- **EXERCISE DIRECTIONS**: Transcribe the entries below exactly, starting with the line that has "Lege, ruime kantoorruimte" and stopping after the line that has "A nighttime scene"; no pictures belong in the copy.

- **MATERIALS PROVIDED**:
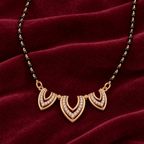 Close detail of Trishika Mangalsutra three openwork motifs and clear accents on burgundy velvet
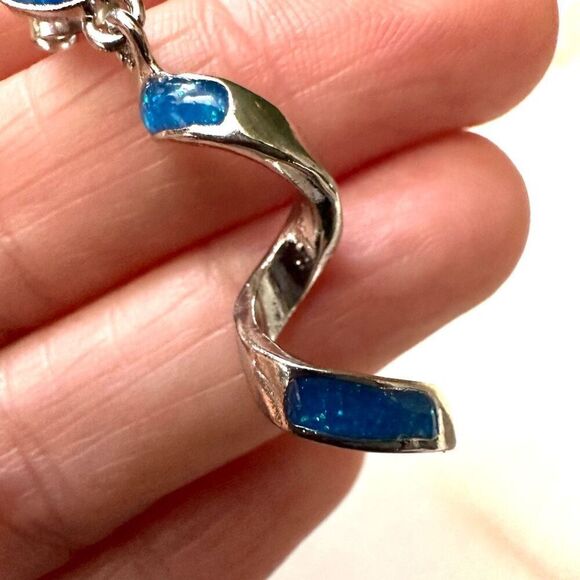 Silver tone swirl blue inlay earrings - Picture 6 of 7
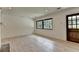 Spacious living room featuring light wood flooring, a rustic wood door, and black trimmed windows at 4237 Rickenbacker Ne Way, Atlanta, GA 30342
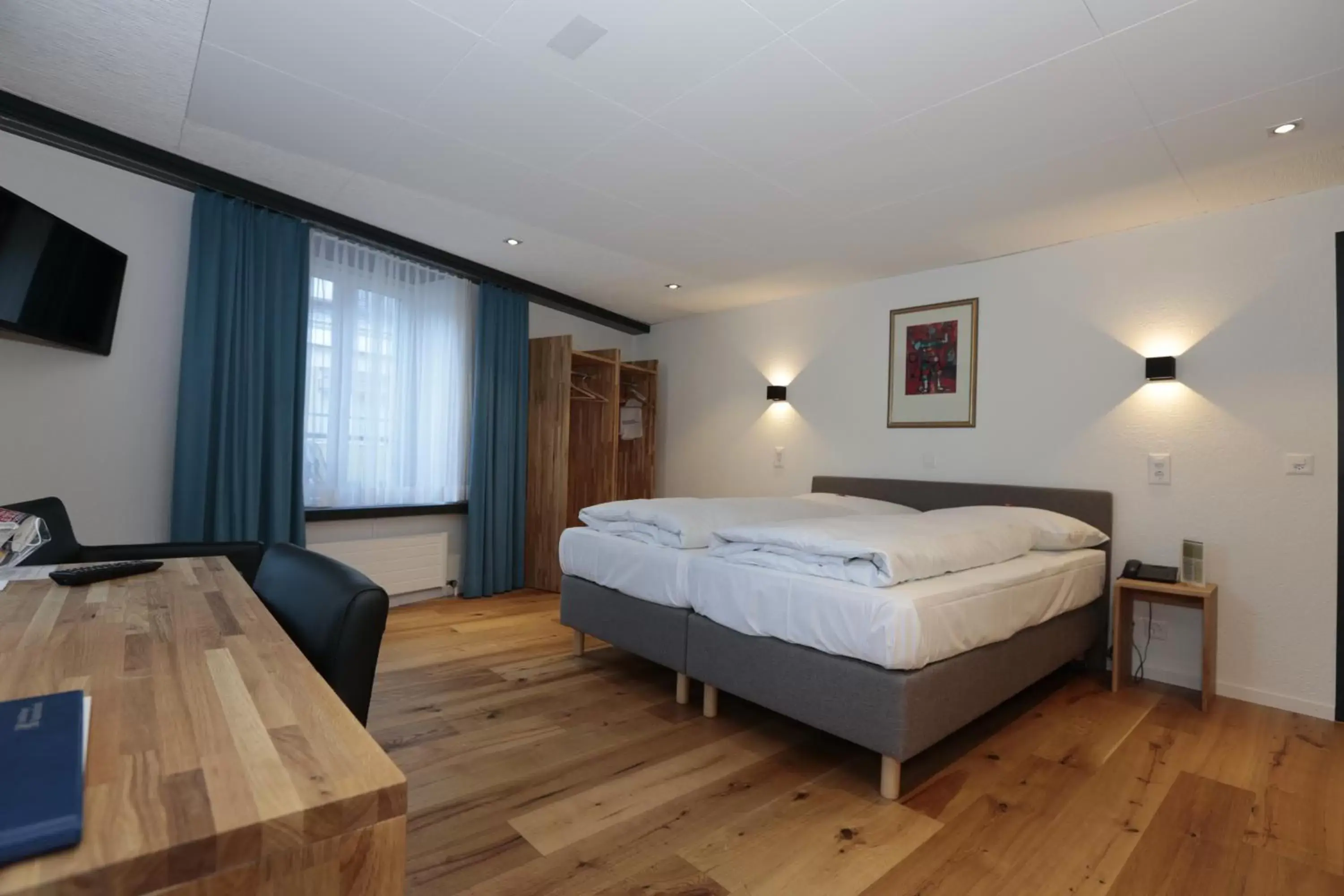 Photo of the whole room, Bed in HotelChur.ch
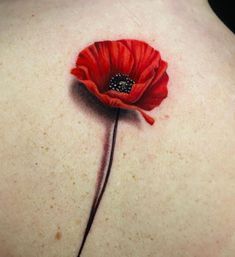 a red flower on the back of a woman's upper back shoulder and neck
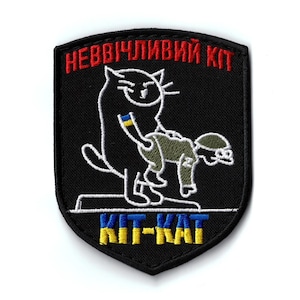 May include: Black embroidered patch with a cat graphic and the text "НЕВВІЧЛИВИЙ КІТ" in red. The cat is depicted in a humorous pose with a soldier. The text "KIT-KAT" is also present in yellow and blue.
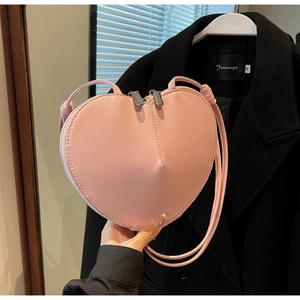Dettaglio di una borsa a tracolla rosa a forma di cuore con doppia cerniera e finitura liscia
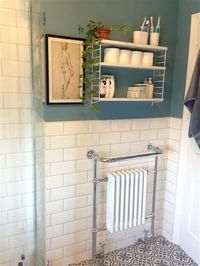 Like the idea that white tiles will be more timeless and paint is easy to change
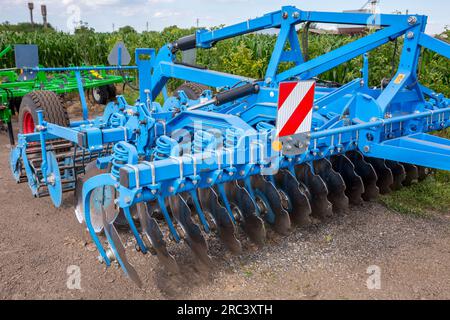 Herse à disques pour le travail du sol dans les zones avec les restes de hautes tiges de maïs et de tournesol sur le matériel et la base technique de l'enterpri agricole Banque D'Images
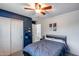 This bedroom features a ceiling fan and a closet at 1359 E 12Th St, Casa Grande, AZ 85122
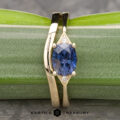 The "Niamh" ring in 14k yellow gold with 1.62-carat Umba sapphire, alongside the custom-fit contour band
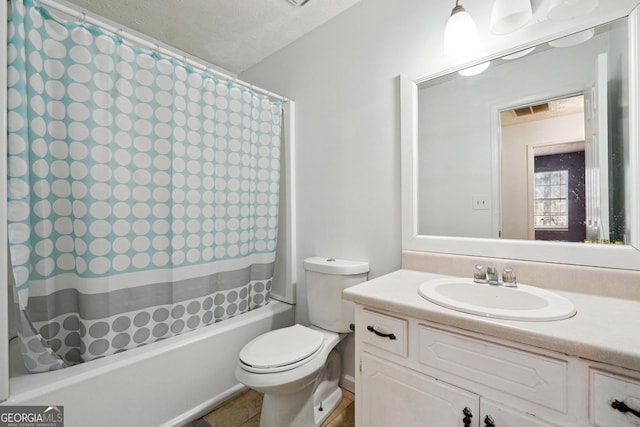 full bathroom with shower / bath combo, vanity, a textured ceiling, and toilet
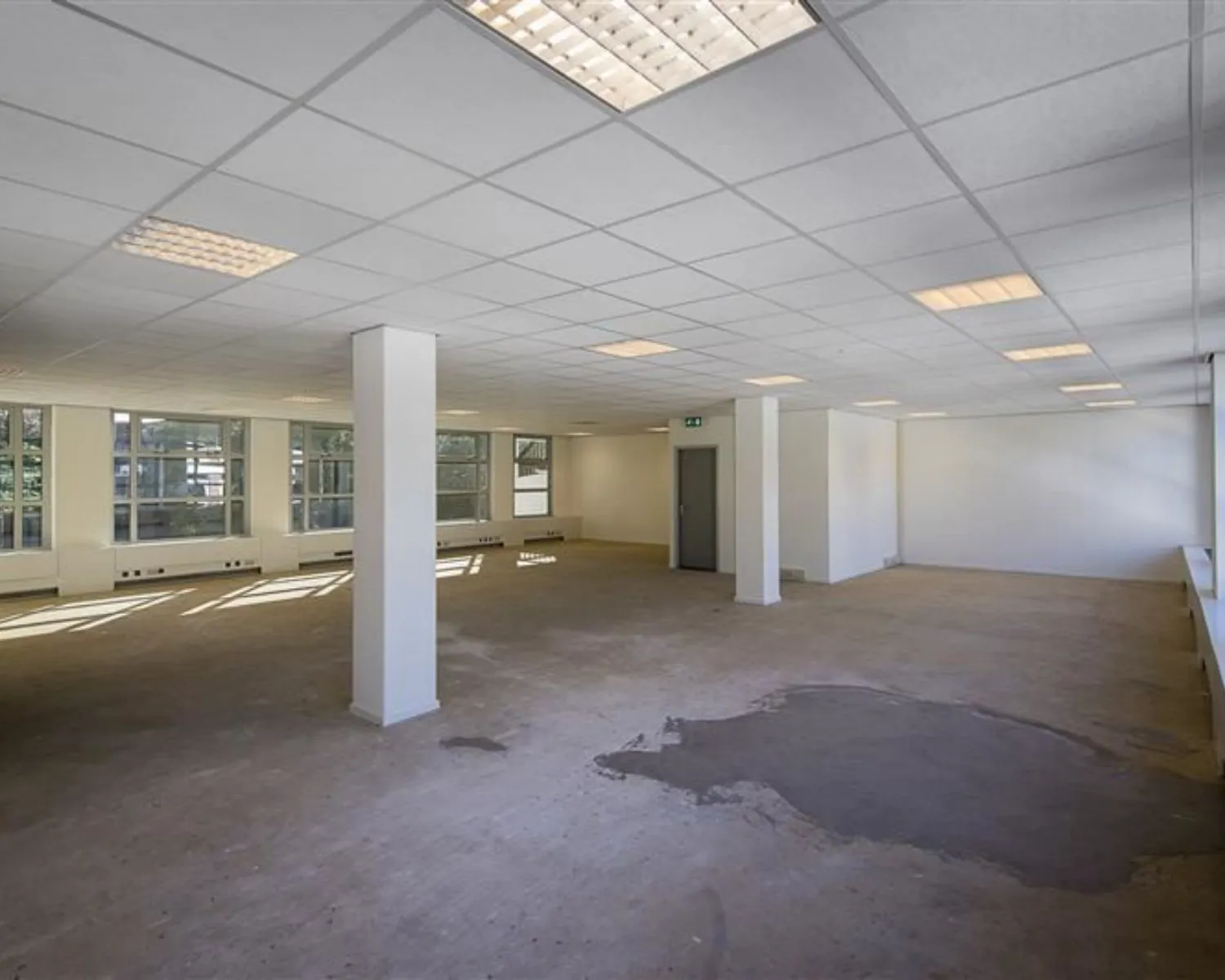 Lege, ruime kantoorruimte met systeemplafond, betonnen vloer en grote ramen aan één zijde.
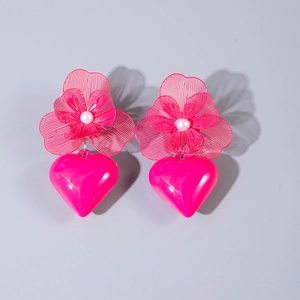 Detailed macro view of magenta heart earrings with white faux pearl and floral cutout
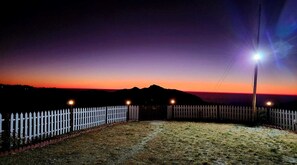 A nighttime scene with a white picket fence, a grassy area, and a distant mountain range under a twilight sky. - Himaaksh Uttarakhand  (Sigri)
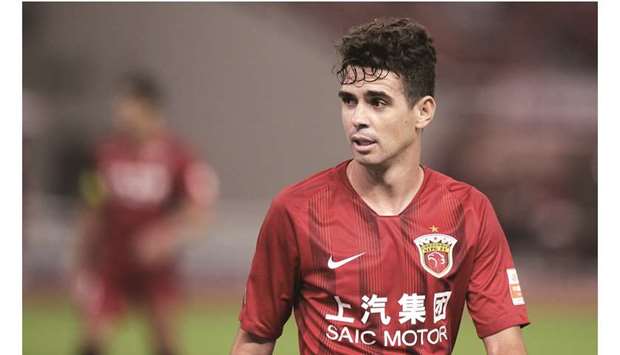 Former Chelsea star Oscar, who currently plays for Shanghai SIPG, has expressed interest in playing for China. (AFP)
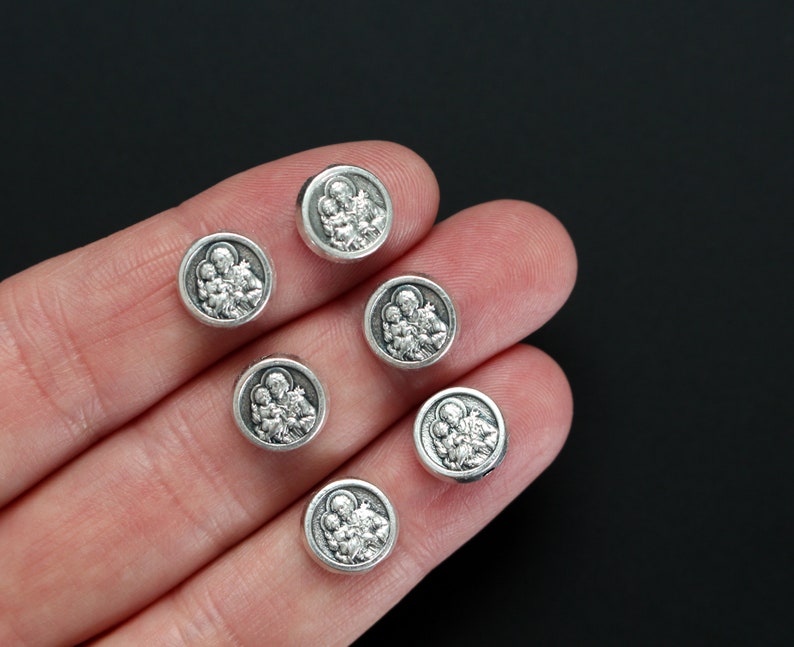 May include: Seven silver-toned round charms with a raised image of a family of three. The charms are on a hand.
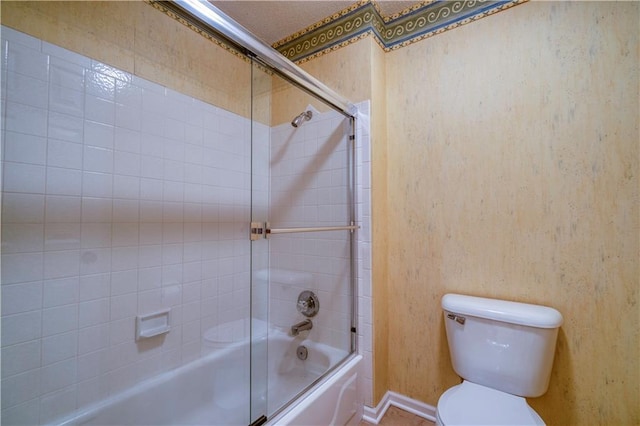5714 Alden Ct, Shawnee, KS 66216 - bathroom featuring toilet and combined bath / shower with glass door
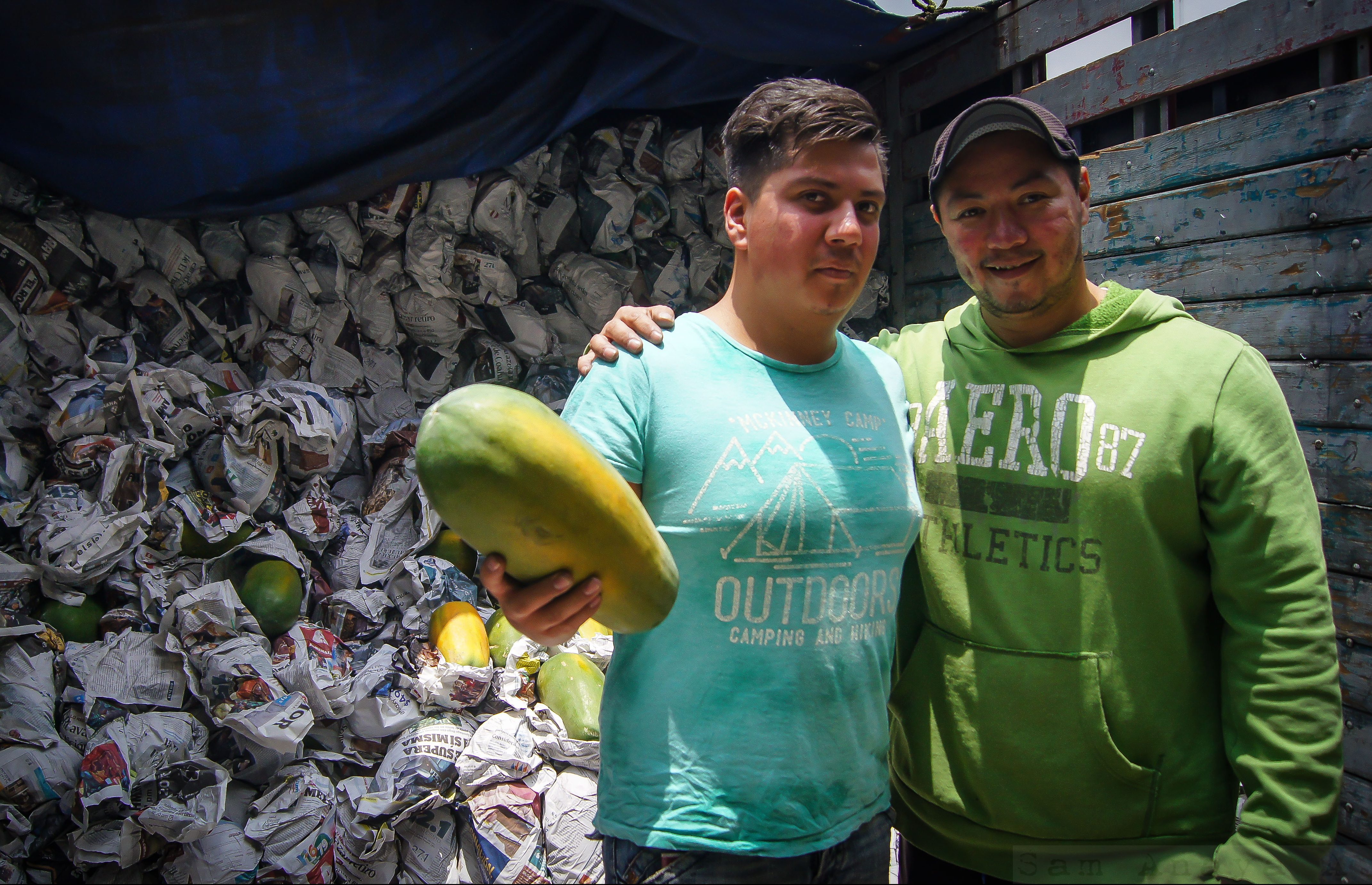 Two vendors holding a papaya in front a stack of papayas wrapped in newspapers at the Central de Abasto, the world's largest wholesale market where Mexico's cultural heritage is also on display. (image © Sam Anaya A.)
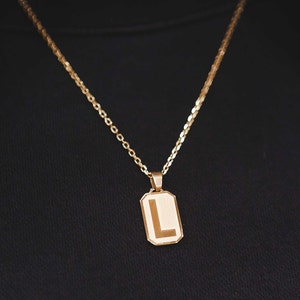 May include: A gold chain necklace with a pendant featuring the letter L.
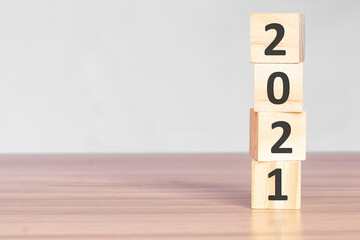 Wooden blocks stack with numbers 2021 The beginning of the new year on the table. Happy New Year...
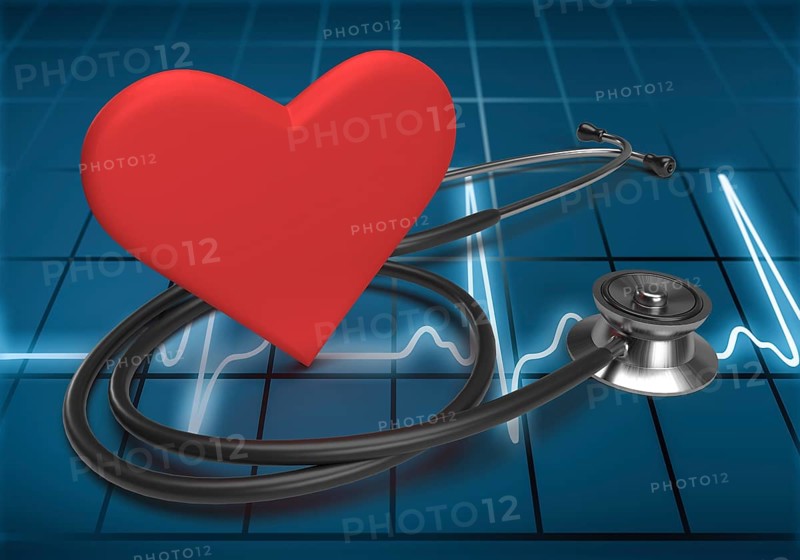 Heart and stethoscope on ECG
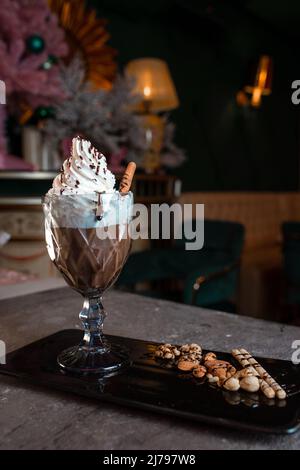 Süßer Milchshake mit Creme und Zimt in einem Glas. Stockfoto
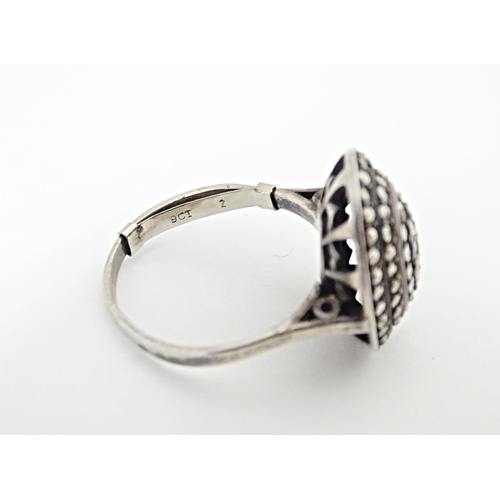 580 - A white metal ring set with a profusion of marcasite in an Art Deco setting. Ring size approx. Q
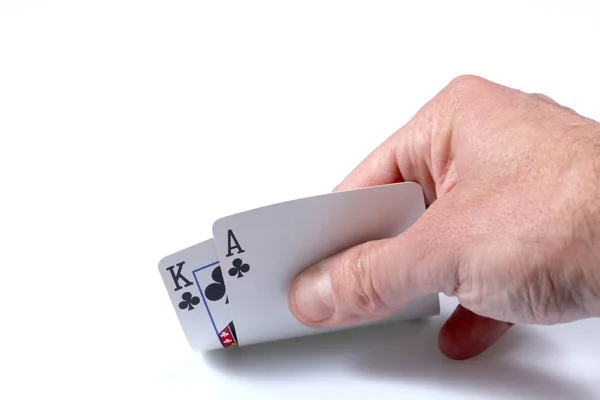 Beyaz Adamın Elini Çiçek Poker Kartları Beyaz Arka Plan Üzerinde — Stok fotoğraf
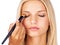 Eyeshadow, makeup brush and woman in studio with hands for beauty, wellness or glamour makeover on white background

- **SOLVED EXERCISE**:
 Lege, ruime kantoorruimte met systeemplafond, betonnen vloer en grote ramen aan één zijde.
 Detailed macro view of magenta heart earrings with white faux pearl and floral cutout
 A nighttime scene with a white picket fence, a grassy area, and a distant mountain range under a twilight sky. - Himaaksh Uttarakhand  (Sigri)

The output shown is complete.